PROMPT: Your answer should consist only of the lines below from the one with "My color-treated hair" through the one with "I will compare", copied exactly.

[Opening DATA FOR THE TASK section]

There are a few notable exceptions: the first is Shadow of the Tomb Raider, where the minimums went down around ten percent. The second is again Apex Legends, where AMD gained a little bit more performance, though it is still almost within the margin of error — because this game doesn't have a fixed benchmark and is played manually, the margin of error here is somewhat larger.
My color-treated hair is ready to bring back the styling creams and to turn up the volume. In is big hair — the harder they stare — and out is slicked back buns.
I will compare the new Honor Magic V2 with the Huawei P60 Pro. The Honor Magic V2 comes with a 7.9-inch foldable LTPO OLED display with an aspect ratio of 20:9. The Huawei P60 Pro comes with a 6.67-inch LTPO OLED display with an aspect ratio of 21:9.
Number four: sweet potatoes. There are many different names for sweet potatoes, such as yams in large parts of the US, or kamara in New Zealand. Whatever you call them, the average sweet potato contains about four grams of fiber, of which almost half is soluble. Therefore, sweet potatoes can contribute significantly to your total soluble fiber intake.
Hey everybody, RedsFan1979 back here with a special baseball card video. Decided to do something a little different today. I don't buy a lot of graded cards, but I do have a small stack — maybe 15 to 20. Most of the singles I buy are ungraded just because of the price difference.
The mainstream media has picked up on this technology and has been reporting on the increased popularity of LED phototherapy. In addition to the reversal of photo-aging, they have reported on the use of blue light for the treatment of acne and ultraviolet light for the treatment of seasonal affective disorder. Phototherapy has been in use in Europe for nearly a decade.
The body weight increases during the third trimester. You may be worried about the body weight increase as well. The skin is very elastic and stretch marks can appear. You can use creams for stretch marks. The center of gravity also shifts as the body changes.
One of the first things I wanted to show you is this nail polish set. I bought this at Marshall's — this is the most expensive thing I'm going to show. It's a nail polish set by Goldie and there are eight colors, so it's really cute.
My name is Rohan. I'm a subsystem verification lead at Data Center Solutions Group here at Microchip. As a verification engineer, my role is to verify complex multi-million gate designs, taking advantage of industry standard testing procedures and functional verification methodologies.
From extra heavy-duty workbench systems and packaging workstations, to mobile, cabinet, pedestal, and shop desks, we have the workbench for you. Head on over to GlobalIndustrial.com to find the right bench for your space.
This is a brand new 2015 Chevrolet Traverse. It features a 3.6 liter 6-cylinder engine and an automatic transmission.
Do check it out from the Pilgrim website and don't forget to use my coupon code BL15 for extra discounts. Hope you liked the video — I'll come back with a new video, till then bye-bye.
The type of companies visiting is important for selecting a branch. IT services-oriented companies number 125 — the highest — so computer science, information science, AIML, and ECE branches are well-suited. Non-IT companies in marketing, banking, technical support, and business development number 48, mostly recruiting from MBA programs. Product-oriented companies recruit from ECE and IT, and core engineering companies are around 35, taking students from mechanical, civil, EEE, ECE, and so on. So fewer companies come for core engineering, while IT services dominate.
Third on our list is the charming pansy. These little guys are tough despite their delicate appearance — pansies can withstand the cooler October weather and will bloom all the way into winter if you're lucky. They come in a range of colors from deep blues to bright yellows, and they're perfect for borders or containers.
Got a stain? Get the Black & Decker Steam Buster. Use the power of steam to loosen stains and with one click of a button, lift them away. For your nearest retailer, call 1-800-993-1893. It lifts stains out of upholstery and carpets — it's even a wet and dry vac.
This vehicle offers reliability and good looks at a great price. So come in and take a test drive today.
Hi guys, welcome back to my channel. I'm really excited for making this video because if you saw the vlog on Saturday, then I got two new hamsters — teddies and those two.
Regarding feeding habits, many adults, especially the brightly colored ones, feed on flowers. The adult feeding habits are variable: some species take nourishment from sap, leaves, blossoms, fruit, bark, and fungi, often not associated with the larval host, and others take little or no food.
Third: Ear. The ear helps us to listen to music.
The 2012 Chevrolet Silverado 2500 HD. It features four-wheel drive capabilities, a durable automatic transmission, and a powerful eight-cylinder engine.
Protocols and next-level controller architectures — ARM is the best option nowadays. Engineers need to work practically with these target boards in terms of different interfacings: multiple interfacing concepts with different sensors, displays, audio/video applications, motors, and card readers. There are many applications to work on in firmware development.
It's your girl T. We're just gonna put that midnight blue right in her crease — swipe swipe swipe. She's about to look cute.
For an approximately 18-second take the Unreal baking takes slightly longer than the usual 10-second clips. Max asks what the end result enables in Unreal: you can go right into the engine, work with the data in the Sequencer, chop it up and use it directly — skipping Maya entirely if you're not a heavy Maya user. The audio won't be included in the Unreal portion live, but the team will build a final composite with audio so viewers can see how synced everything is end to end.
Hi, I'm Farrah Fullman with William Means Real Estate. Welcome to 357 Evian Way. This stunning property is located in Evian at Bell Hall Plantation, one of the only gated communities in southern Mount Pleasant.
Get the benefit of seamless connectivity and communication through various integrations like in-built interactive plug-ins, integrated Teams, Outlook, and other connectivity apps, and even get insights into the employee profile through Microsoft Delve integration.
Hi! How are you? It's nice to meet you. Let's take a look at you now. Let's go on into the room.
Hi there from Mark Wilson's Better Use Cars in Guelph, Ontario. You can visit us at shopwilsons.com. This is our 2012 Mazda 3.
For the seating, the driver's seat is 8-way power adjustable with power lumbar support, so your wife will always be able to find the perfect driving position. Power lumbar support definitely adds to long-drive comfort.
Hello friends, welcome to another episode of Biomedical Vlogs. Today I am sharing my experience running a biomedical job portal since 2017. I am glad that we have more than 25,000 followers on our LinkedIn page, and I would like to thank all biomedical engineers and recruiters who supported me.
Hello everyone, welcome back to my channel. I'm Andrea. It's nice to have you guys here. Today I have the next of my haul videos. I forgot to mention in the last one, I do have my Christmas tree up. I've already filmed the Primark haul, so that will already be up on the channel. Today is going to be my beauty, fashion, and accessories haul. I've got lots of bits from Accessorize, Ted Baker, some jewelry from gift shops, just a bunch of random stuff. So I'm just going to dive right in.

[Closing DATA FOR THE TASK section]

RESULT OF THE EXERCISE:
My color-treated hair is ready to bring back the styling creams and to turn up the volume. In is big hair — the harder they stare — and out is slicked back buns.
I will compare the new Honor Magic V2 with the Huawei P60 Pro. The Honor Magic V2 comes with a 7.9-inch foldable LTPO OLED display with an aspect ratio of 20:9. The Huawei P60 Pro comes with a 6.67-inch LTPO OLED display with an aspect ratio of 21:9.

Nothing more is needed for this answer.